### Exercise brief
Aside from the pictures, the entries should be given again exactly.

### Recorded information
• • • • • • •
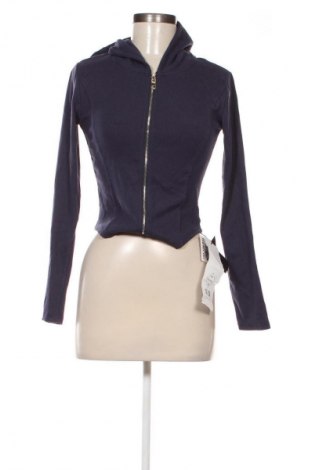 Damen Sweatshirt Unbranded, Größe S, Farbe Blau, Preis 42,99 €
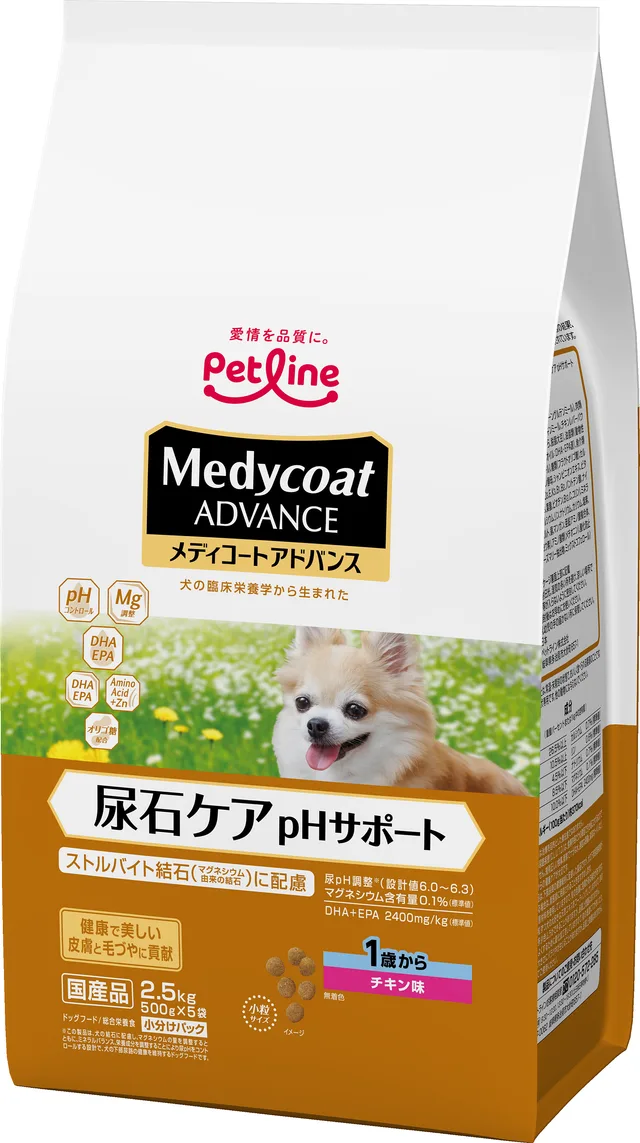 ペットライン しあわせマルシェの商品画像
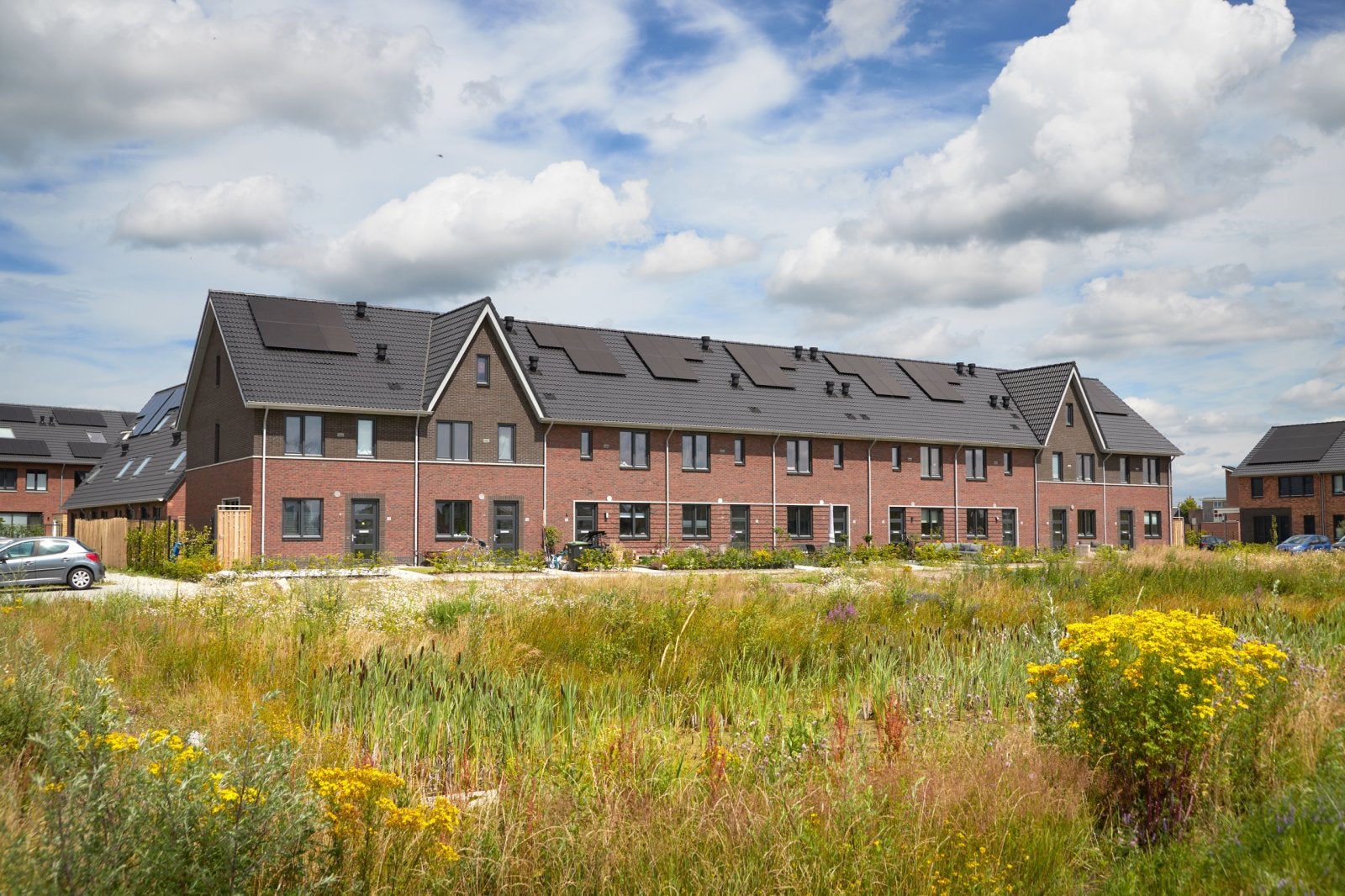 House Akkerland in Assen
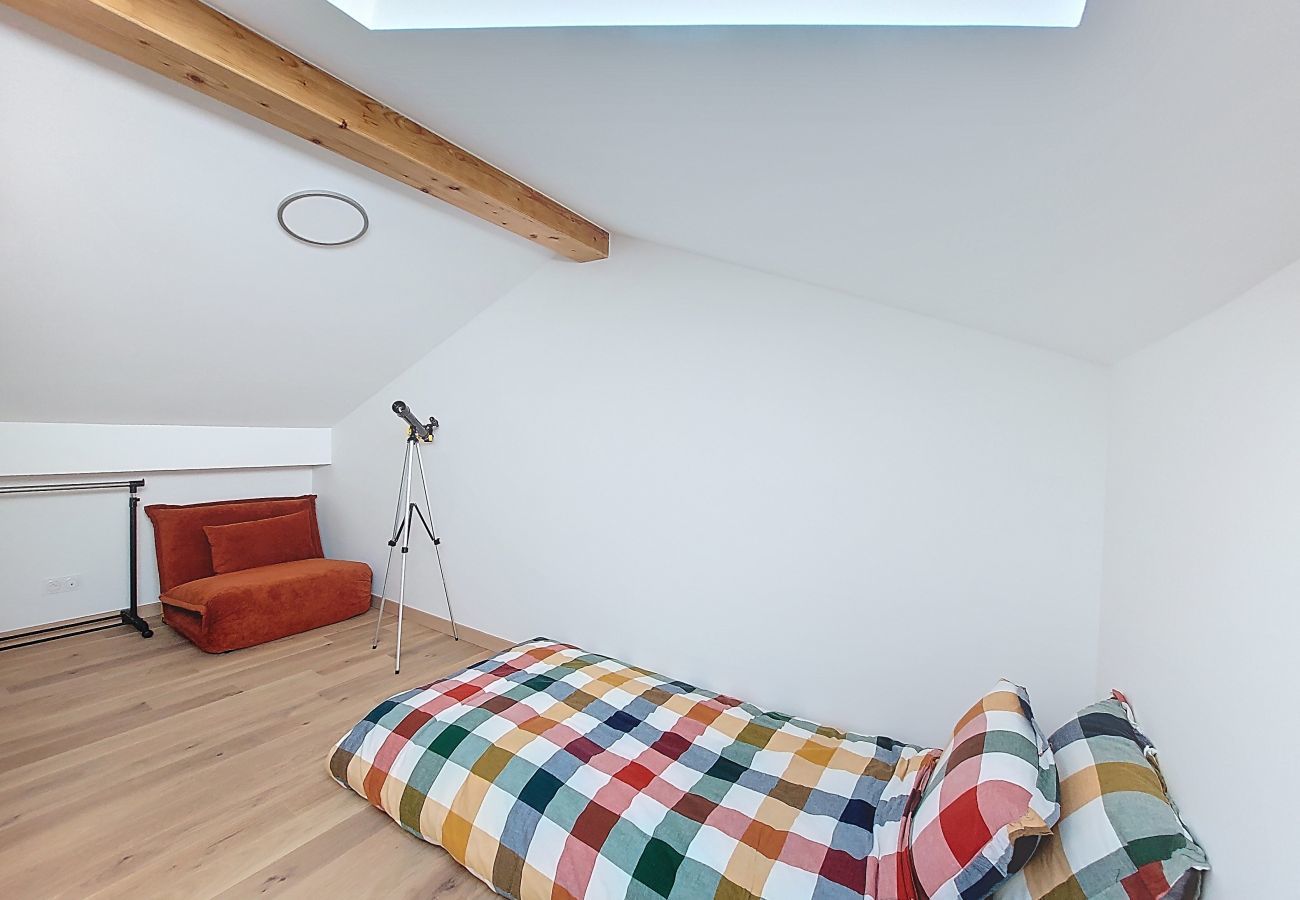 Apartment in Saint-Jean-d´Aulps - Snow Roc B401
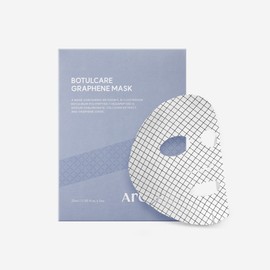 Arocel [Arocell] Botul Care Graphene Mask 1 box (25ml x 5 sheets) / [아로셀] 보툴케어 그래핀 마스크 1박스 (25ml x 5매)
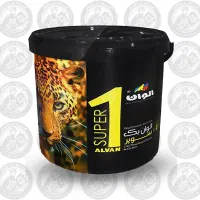 رنگ پلاستیک درجه یک الوان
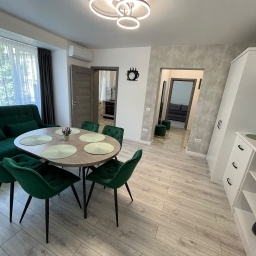 Închiriez apartament 3 camere regim hotelier-Baia Mare-ultracentral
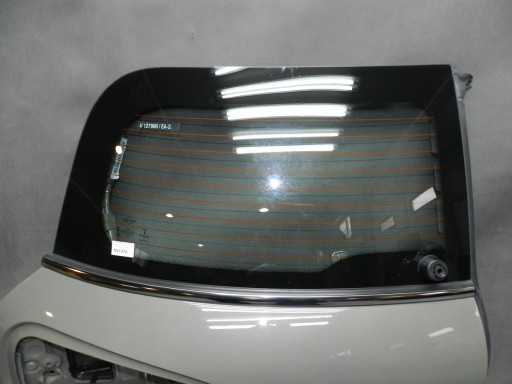 MINI CLUBMAN F54 ЗАДНИЙ КАПОТ ЛЕВЫЙ C1C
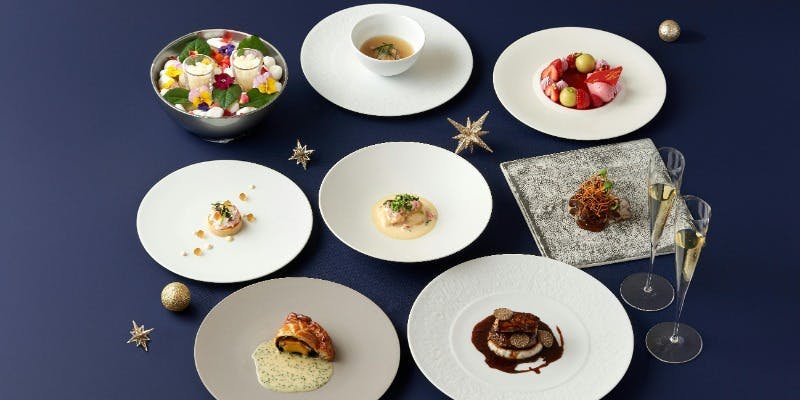 【Xmas2025】「ル・クール神戸」クリスマスディナー（12/16～12/19）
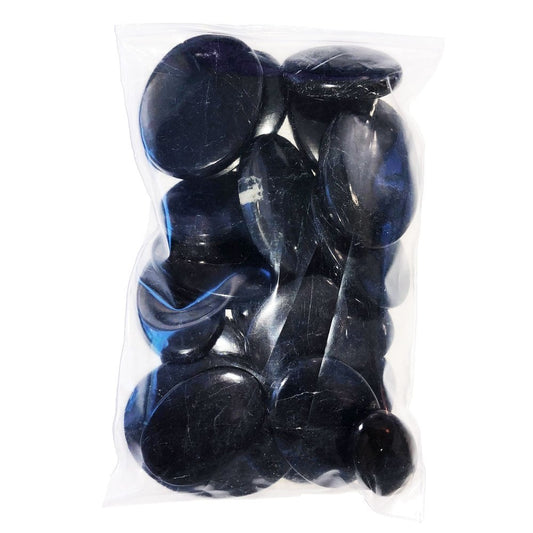 Ciottoli 500 g di tormalina nera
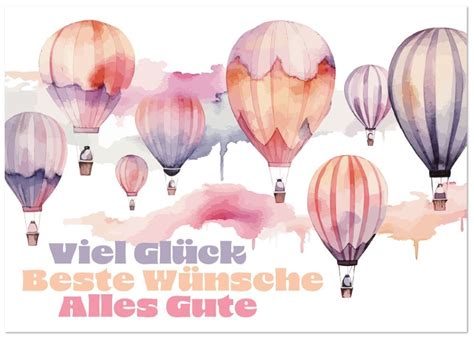 Alle Gute Wünsche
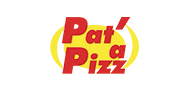 logo marchand Pat' à Pizz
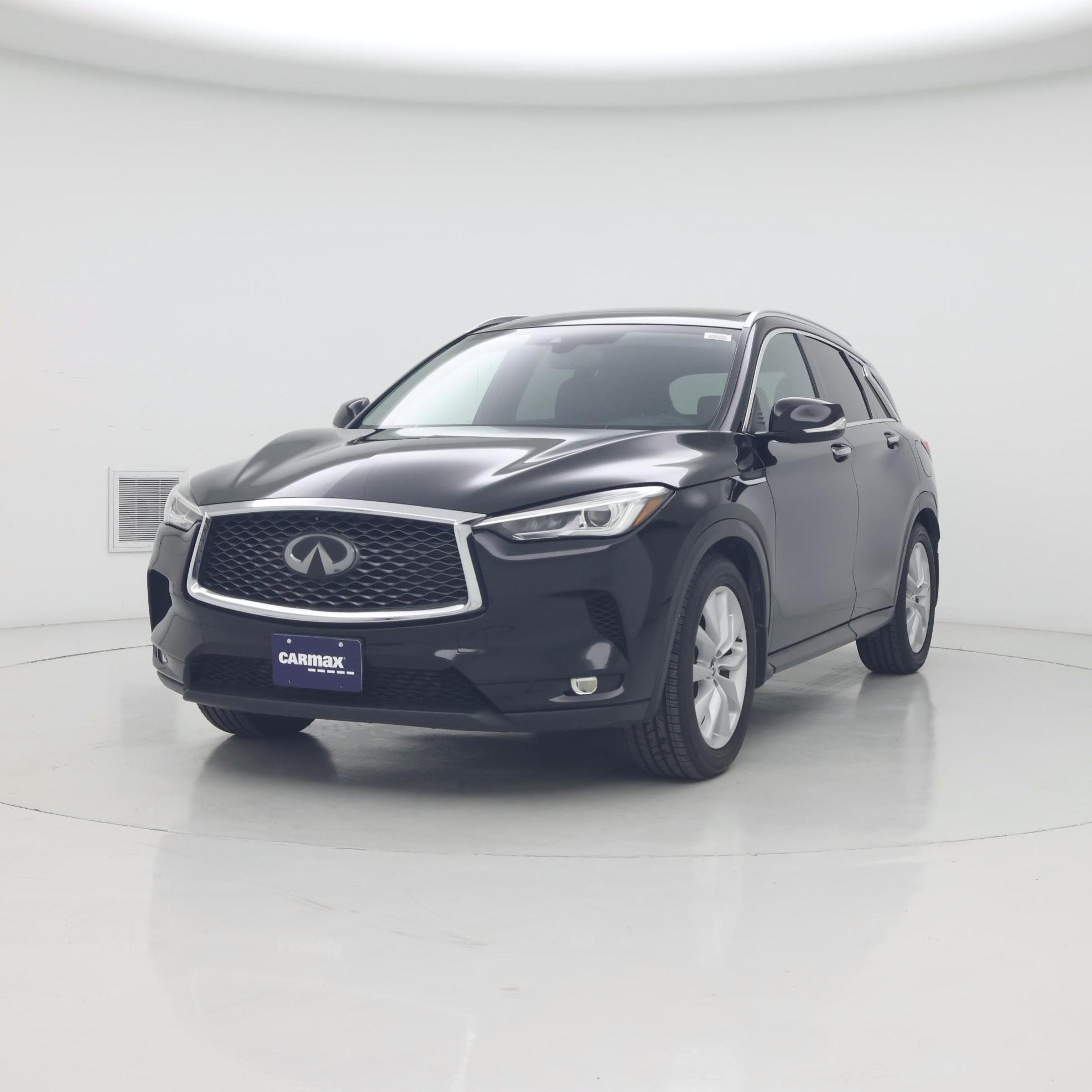 Thumbnail: 2019 INFINITI QX50 - 4
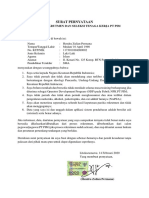 14. Surat Pernyataan Pelamar PIM.pdf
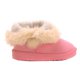 thumbnail image 5 of Botas para niños Botas de nieve para niños y niñas Invierno Espesar Cálido Moda informal Botón con reborde Decoración Sincero Hogar, 5 of 5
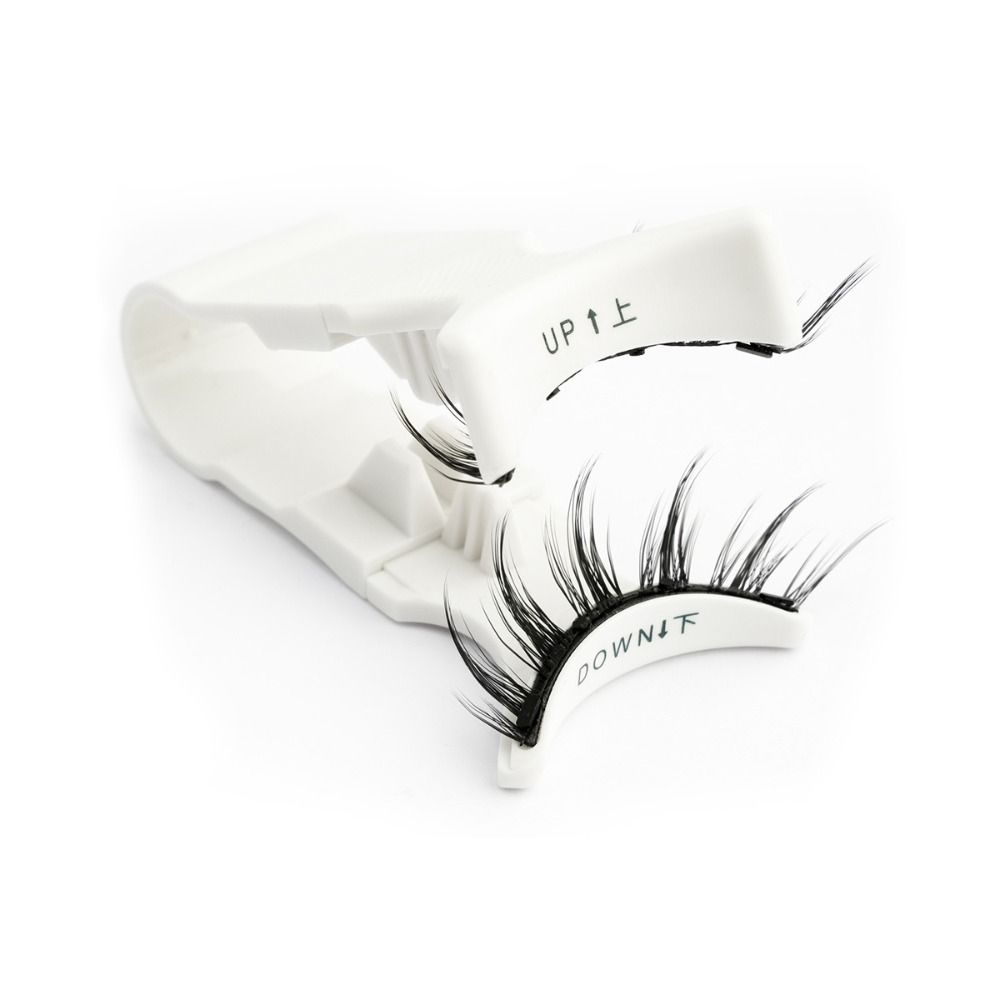Многоразовые магнитные ресницы – обзор и цена Eyelash Extension Uv Glue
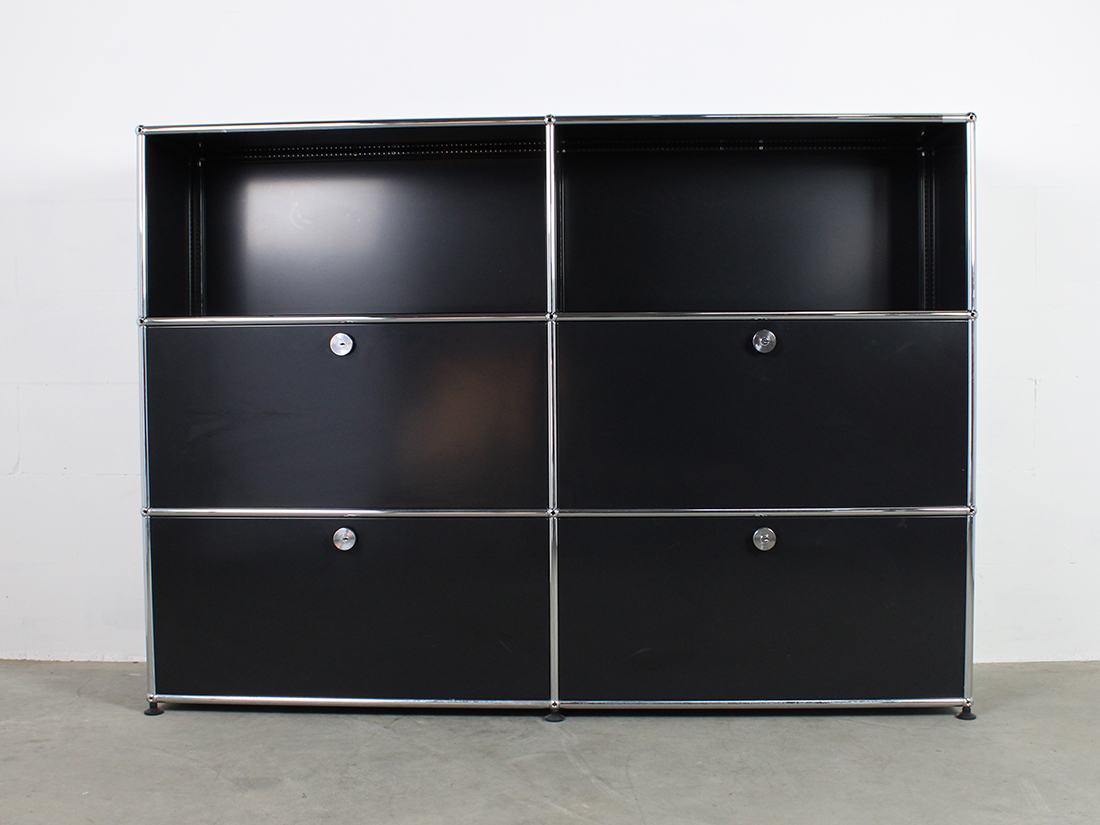 USM Haller zwart 2x3 1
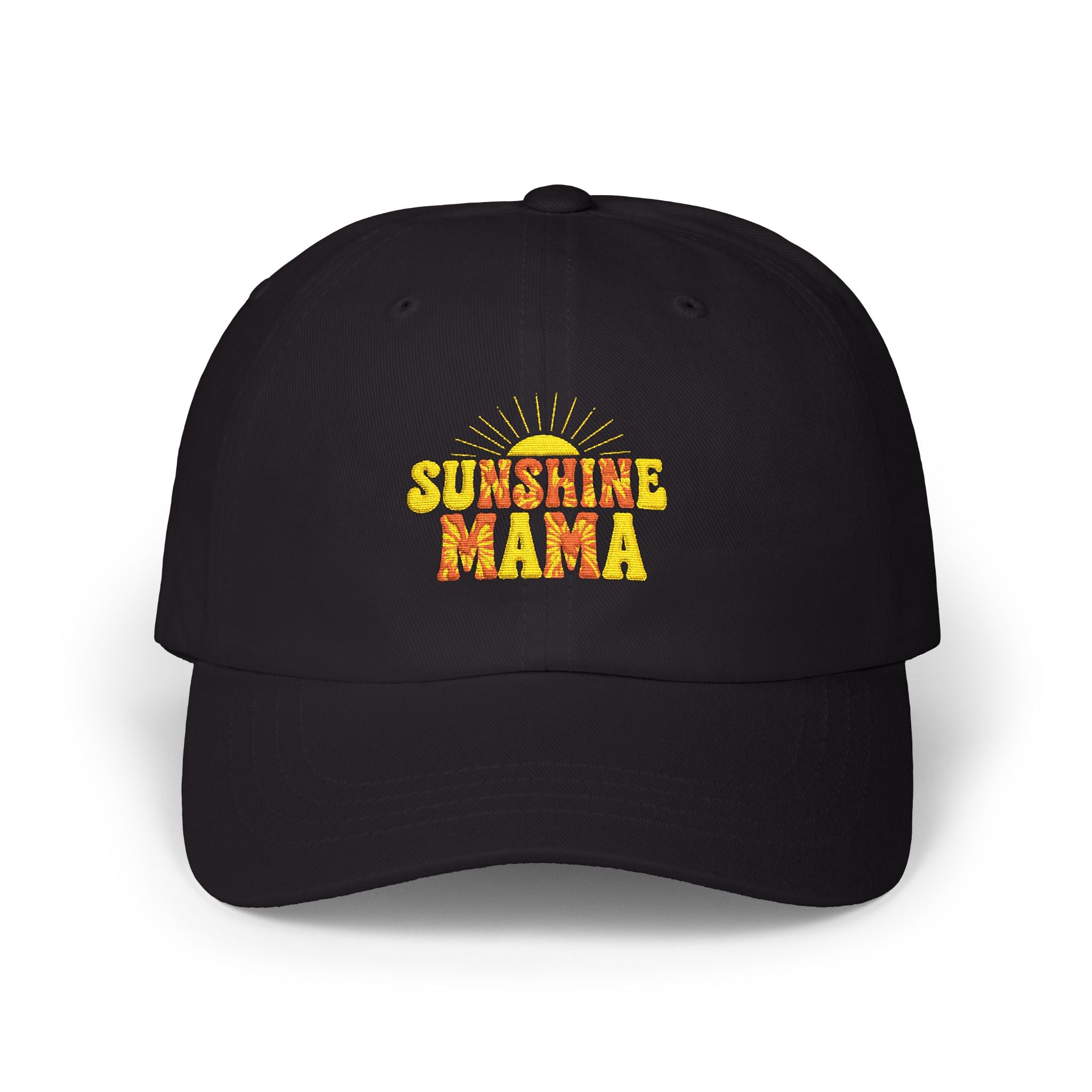 Sunshine Mama Cap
• • • • • • •
### Response to this task
 Damen Sweatshirt Unbranded, Größe S, Farbe Blau, Preis 42,99 €
 ペットライン しあわせマルシェの商品画像
 House Akkerland in Assen
 Apartment in Saint-Jean-d´Aulps - Snow Roc B401
 Arocel [Arocell] Botul Care Graphene Mask 1 box (25ml x 5 sheets) / [아로셀] 보툴케어 그래핀 마스크 1박스 (25ml x 5매)
 رنگ پلاستیک درجه یک الوان
 Închiriez apartament 3 camere regim hotelier-Baia Mare-ultracentral
 MINI CLUBMAN F54 ЗАДНИЙ КАПОТ ЛЕВЫЙ C1C
 【Xmas2025】「ル・クール神戸」クリスマスディナー（12/16～12/19）
 Ciottoli 500 g di tormalina nera
 Alle Gute Wünsche
 logo marchand Pat' à Pizz
 Thumbnail: 2019 INFINITI QX50 - 4
 14. Surat Pernyataan Pelamar PIM.pdf
 thumbnail image 5 of Botas para niños Botas de nieve para niños y niñas Invierno Espesar Cálido Moda informal Botón con reborde Decoración Sincero Hogar, 5 of 5
Многоразовые магнитные ресницы – обзор и цена Eyelash Extension Uv Glue
 USM Haller zwart 2x3 1
 Sunshine Mama Cap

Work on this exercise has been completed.